Data Start Marker

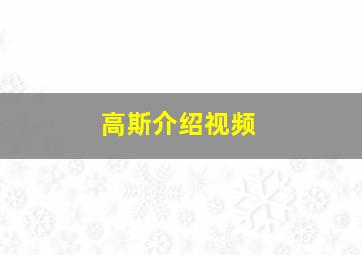 高斯介绍视频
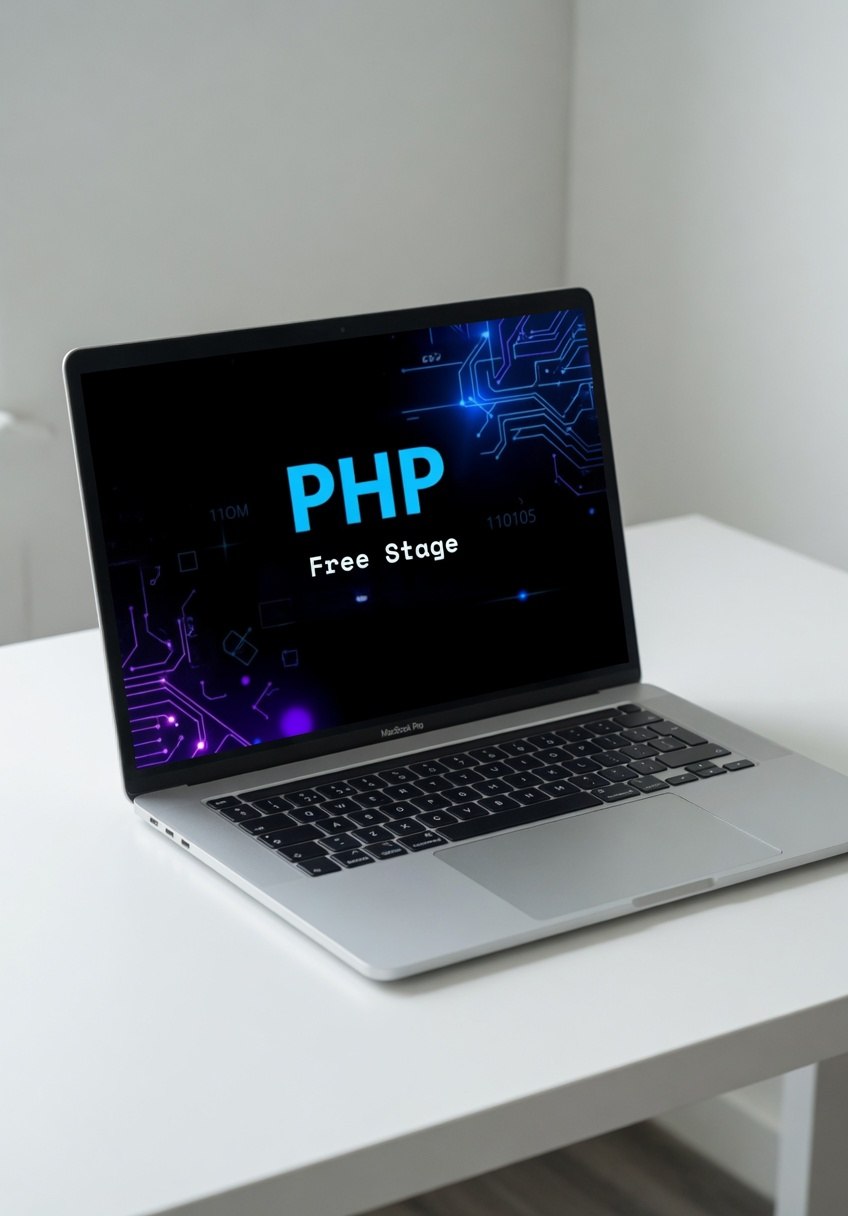 Laptop on a white desk with 'PHP Free Stage' displayed on the screen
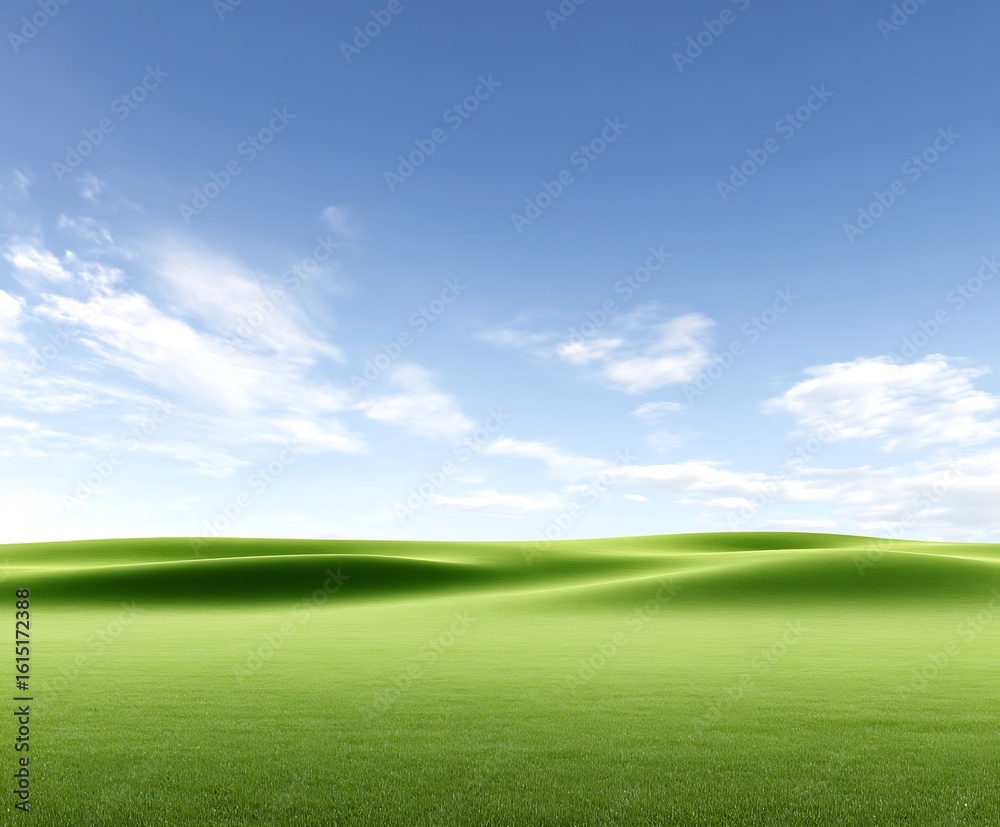 Fototapeta premium Green hills under a bright blue sky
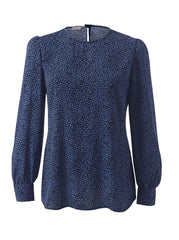 Florence K265 L/S Blouse - Navy/Blue Spots-0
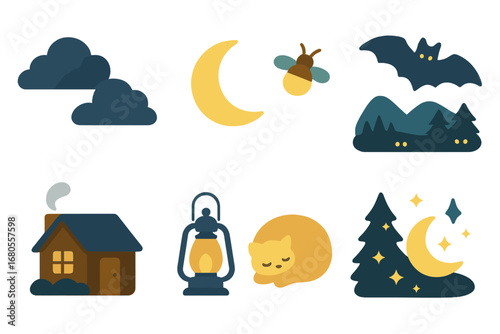 Children's Nocturnal Icons. Flat vector mini-illustrations night sky new moon in colors children's illustrations: dark clouds,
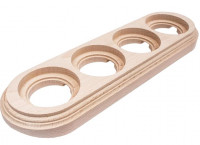 Bironi Рамка 4 постовая для открытой проводки (Натурэль на бревно 240мм), BFC24-640-10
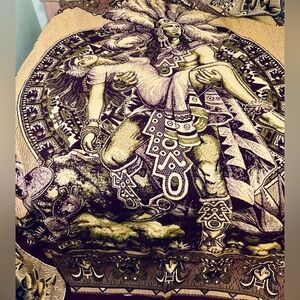 WOVEN AZTEC MAYAN BLANKET WALL HANGING WARRIOR PRINCESS AMOR ETERNO ETERNAL LOVE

Data End Marker

Exercise: Transcribe the listing in full. Omit the pictures and keep every line exact.

Solution:
 高斯介绍视频
 Laptop on a white desk with 'PHP Free Stage' displayed on the screen
 Fototapeta premium Green hills under a bright blue sky
 Florence K265 L/S Blouse - Navy/Blue Spots-0
 Children's Nocturnal Icons. Flat vector mini-illustrations night sky new moon in colors children's illustrations: dark clouds,
 Bironi Рамка 4 постовая для открытой проводки (Натурэль на бревно 240мм), BFC24-640-10
 WOVEN AZTEC MAYAN BLANKET WALL HANGING WARRIOR PRINCESS AMOR ETERNO ETERNAL LOVE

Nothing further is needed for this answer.